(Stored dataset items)
★ ★ ★ ★ ★

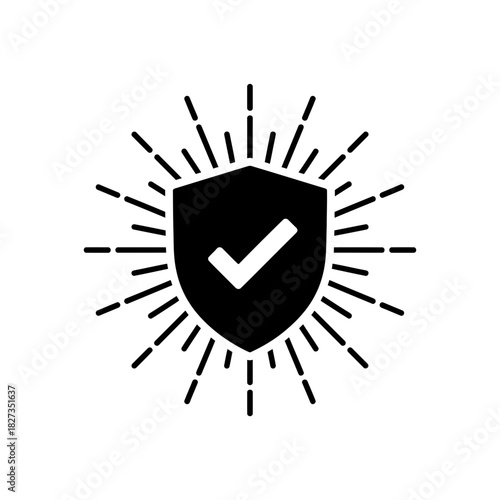 Online Safety Shield Icons Green check mark in shield with light rays security concept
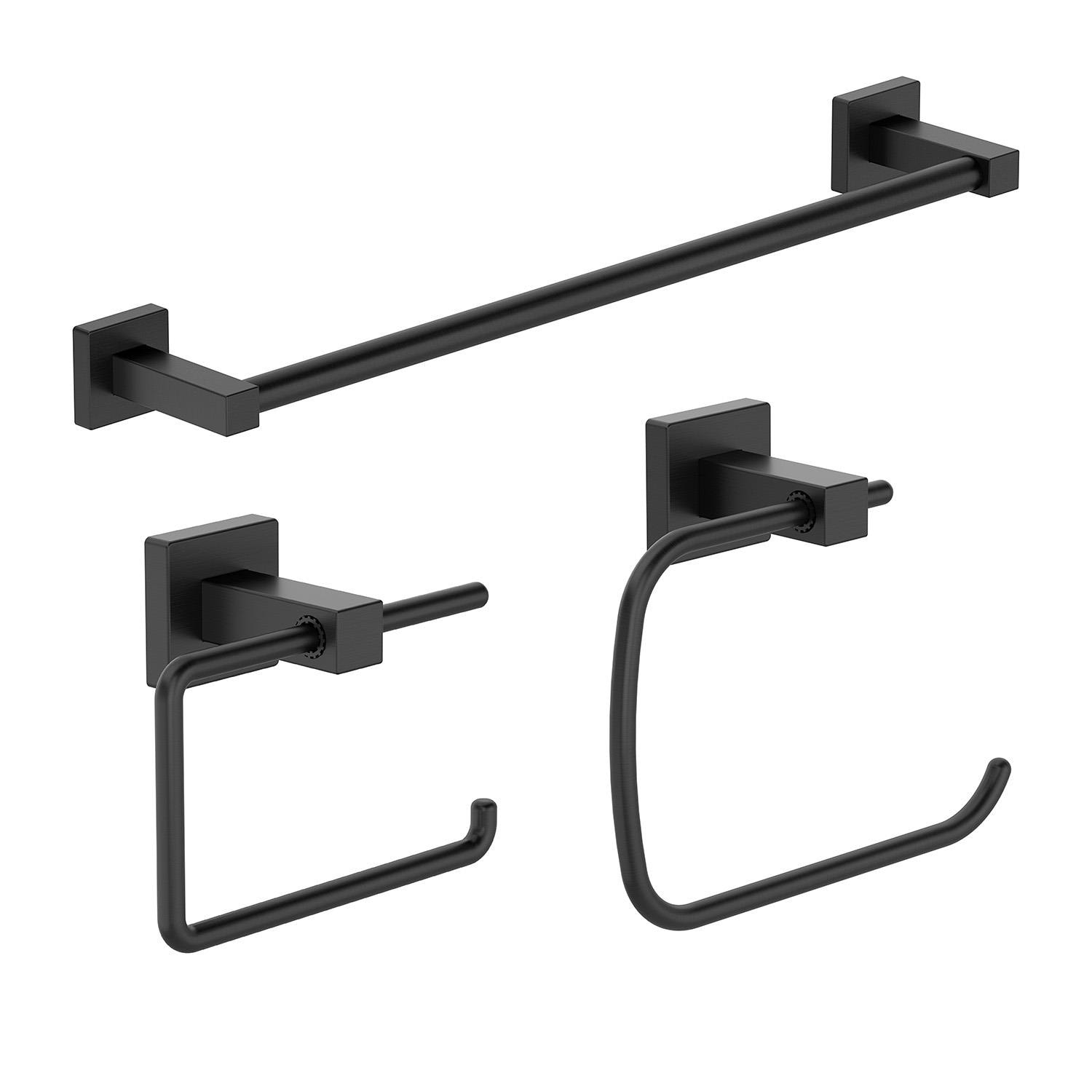 Symmons 36AC3BUNDLEMB 3 -Piece Duro Matte Black Decorative Bathroom Hardware Set Towel Bar, Toilet Paper Holder, Towel Ring Included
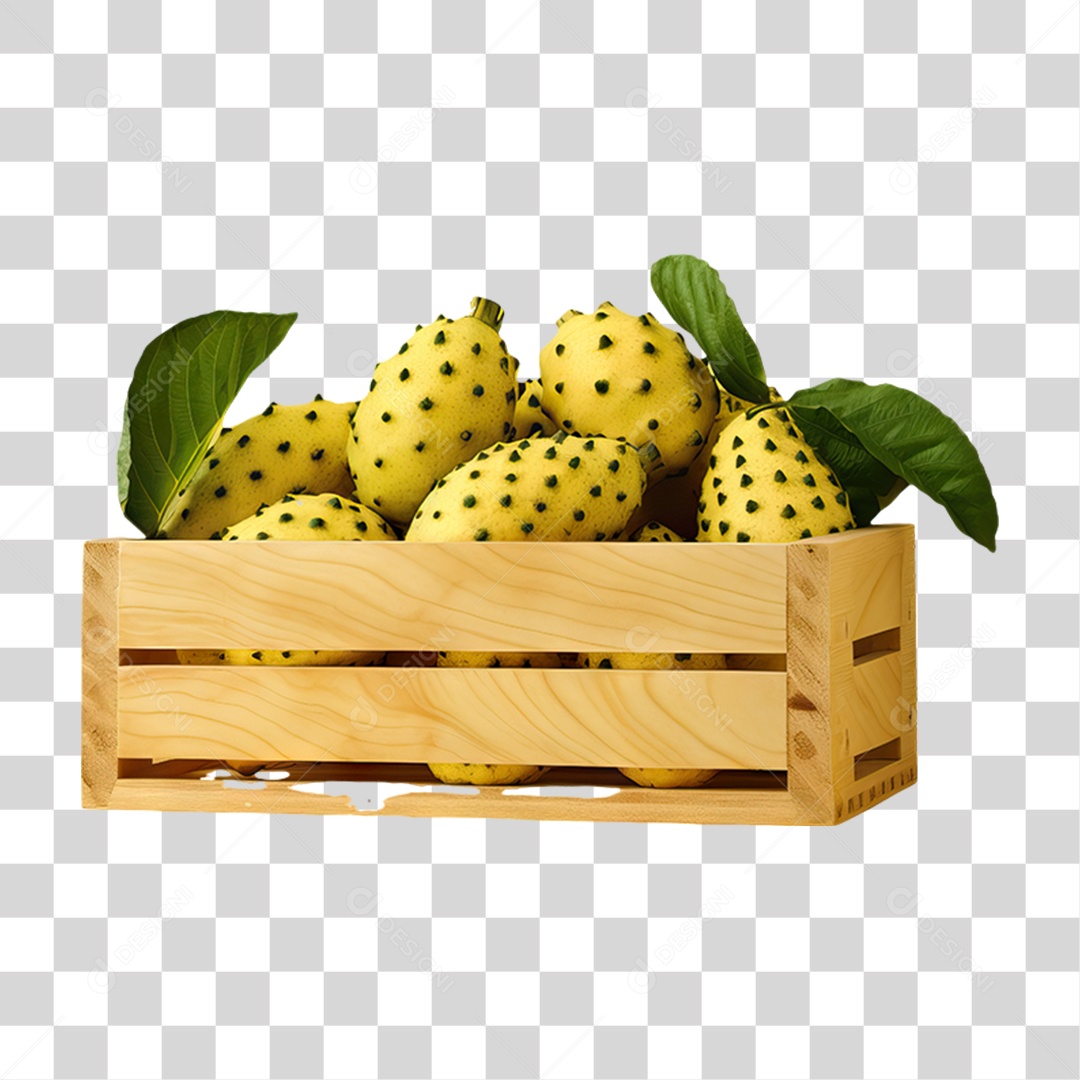 Caixa de Madeira com Verduras Frutas e Legumes PNG Transparente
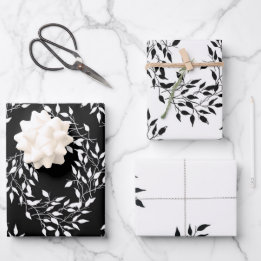 Schwarz-weißer botanischer Ausdruck Geschenkpapier Set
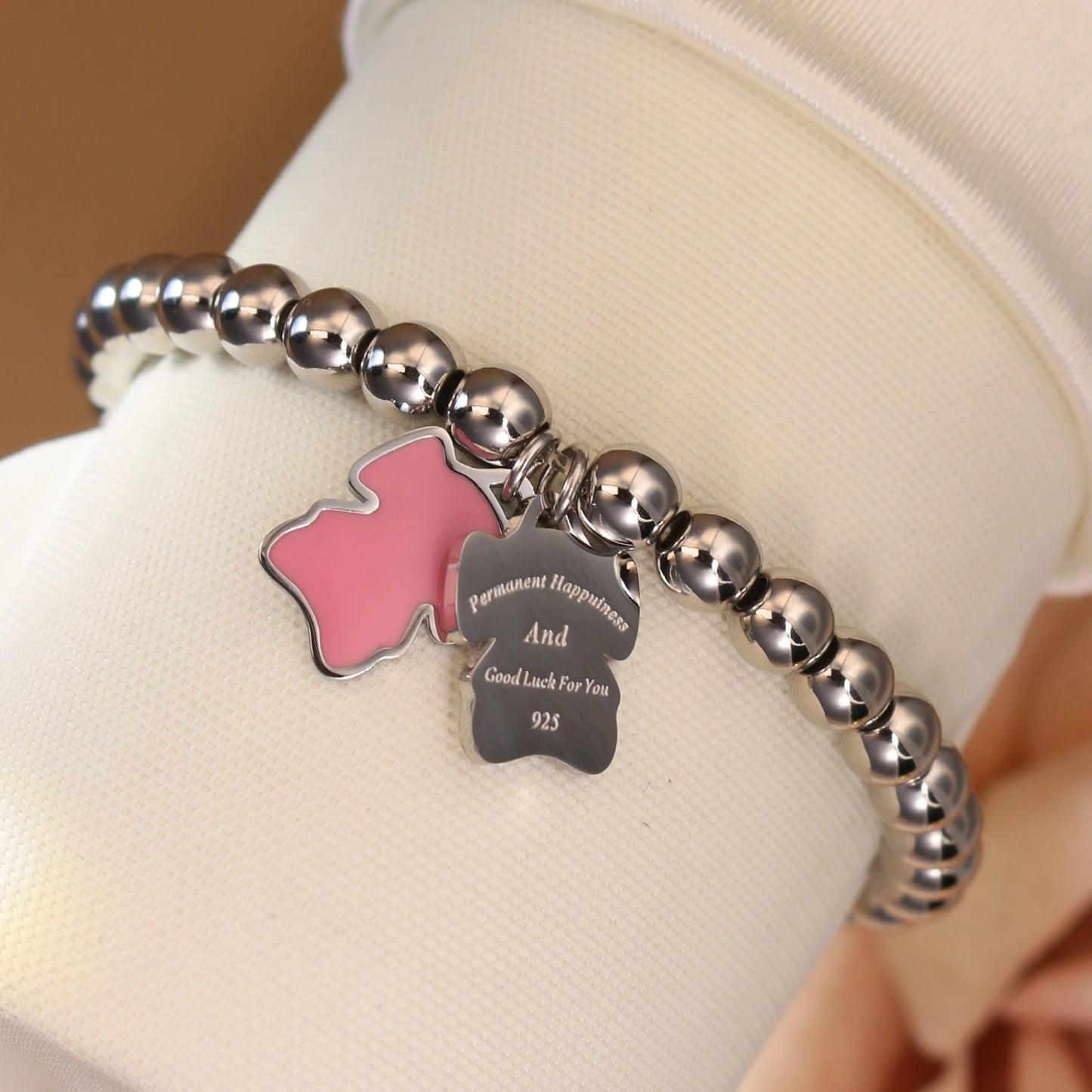 New Pink Elephant Pendant Elastic Bead Stainless Steel Bracelet 18 K Gold Plated Luxury Women's Jewelry Wholesale Gift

★ ★ ★ ★ ★

- WHAT IS EXPECTED: No pictures should appear in the copy. Reproduce exactly the lines from the line containing "Schwarz-weißer botanischer Ausdruck" through the last line of the data, inclusive.

- ANSWER SPACE:
 Schwarz-weißer botanischer Ausdruck Geschenkpapier Set
 New Pink Elephant Pendant Elastic Bead Stainless Steel Bracelet 18 K Gold Plated Luxury Women's Jewelry Wholesale Gift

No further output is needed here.